Dia mengatakan jika pengadilan mengabulkan permohonan banding itu, penegak hukum tidak memahami makna hukum acara. "Selama penegak hukum tidak mampu memahami makna hukum acara, ya sudah ke laut saja hukum di negara ini," ujarnya.
Ganjar menegaskan penegakkan hukum di Indonesia menjadi ‘jungkir balik’ karena polisi dan kejaksaan salah memahami Kitab Undang-Undang Hukum Acara Pidana (KUHAP).
"Bayangkan saja polisi dan jaksa salah memahami hukum, maka wajar saja negara ini jungkir balik penegakan hukumnya," katanya.

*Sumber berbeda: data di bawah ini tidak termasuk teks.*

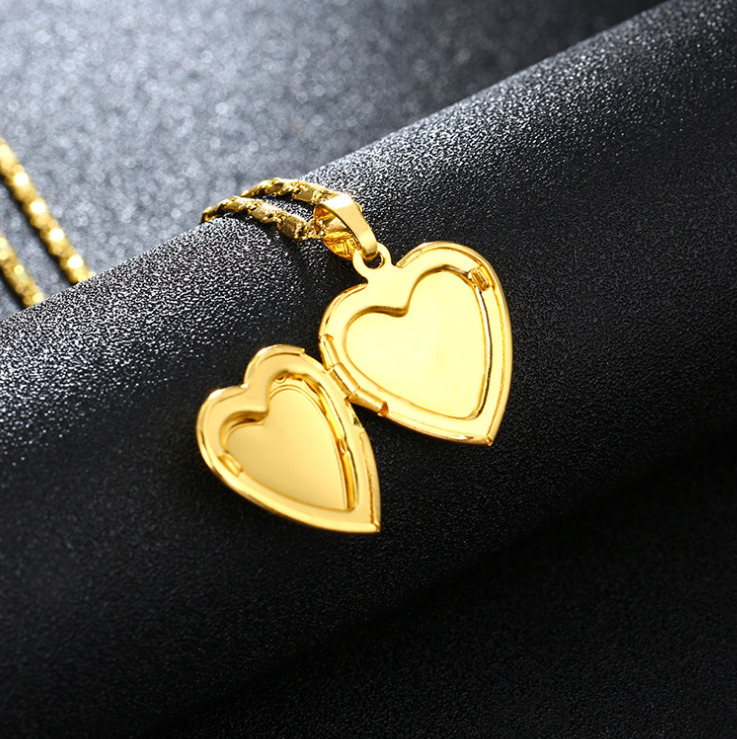 Heart-Shaped Allah Necklace – Islamic Religious Photo Frame Pendant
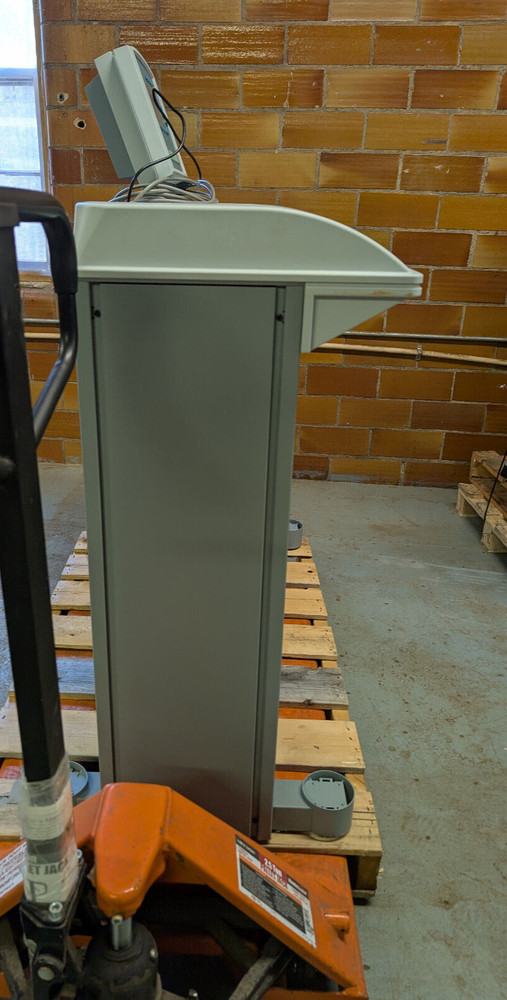 Océ TDS600 Wide Format Plotter Black & White Copier / Scanner / Printer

Dia menambahkan ketentuan hukum acara itu adalah hukum tentang tata cara. Artinya, yang diatur di KUHAP adalah tata cara yang diperkenankan, kalau tidak diatur bukan berarti boleh.

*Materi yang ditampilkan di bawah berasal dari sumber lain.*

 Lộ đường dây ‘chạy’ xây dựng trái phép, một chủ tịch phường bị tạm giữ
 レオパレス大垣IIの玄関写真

"Jika di KUHAP [jaksa dan penyidik tidak boleh banding dalam praperadilan], berarti tidak memungkinkan mengajukannya," ujarnya.

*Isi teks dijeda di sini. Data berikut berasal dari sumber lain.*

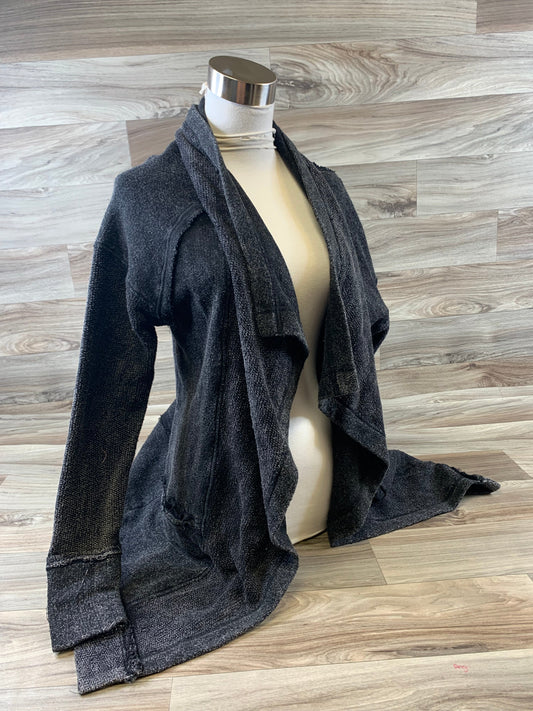 Cardigan By Clothes Mentor In Grey, Size: M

Sebelumnya, Mahkamah Konstitusi (MK) menghapus Pasal 83 ayat (2) Undang-Undang Nomor 8 Tahun 1981 tentang Kitab Hukum Acara Pidana (KUHAP) yang mengatur kewenangan penyidik serta penuntut umum mengajukan banding putusan praperadilan.
Putusan MK ini mengabulkan sebagian permohonan yang diajukan oleh anggota polisi, Tjetje Iskandar, yang menguji Pasal 83 ayat (1) dan ayat (2) KUHAP yang dinilai diskriminatif.
Pasal 83 ayat (1) KUHAP berbunyi: “Terhadap putusan praperadilan dalam hal sebagaimana dimaksud dalam Pasal 79, Pasal 80 dan Pasal 81 tidak dapat dimintakan banding”.
Adapun ayat (2) menyatakan: “Dikecualikan dari ketentuan ayat (1) adalah putusan praperadilan yang menetapkan tidak sahnya penghentian penyidikan/penuntutan, hal itu dapat dimintakan putusan akhir ke pengadilan tinggi.”
Atas pengecualian ini, MK melalui Putusan Nomor 65/PUU-IX/2011 tanggal 1 Mei 2012 menilai Pasal 83 ayat (2) KUHAP bertentangan dengan Pasal 27 ayat (1) dan Pasal 28D ayat (1) UUD 1945 karena tidak mempersamakan kedudukan warga negara di dalam hukum dan pemerintahan serta tidak memberikan kepastian hukum yang adil.
Dengan adanya putusan MK tersebut di atas, maka demi hukum tidak ada lagi upaya hukum apapun atas putusan praperadilan tentang sah tidaknya penghentian penyidikan/penuntutan.
Namun faktanya pada 17 Juni 2013, Pengadilan Tinggi Medan mengabulkan banding putusan praperadilan penghentian penyidikan tindak pidana memperdagangkan dan penggunaan merek orang lain tanpa seizin pemilik merek yang sah barang jenis Larutan Penyegar Lukisan Badak dan tulisan Cap Badak, oleh Polri.
Padahal di tingkat Pengadilan Negeri (PN) Medan pada 17 Mei 2013 menyatakan bahwa penghentian penyidikan oleh kepolisian melalui SP.Sidik/21.a/III/2013/Ditreskrimsus terhadap peristiwa tindak pidana memperdagangkan dan/atau menggunakan merek orang lain tanpa seizin pemilik merek yang sah untuk barang jenis Larutan Penyegar Lukisan Badak dan tulisan Cap Badak, adalah tidak sah.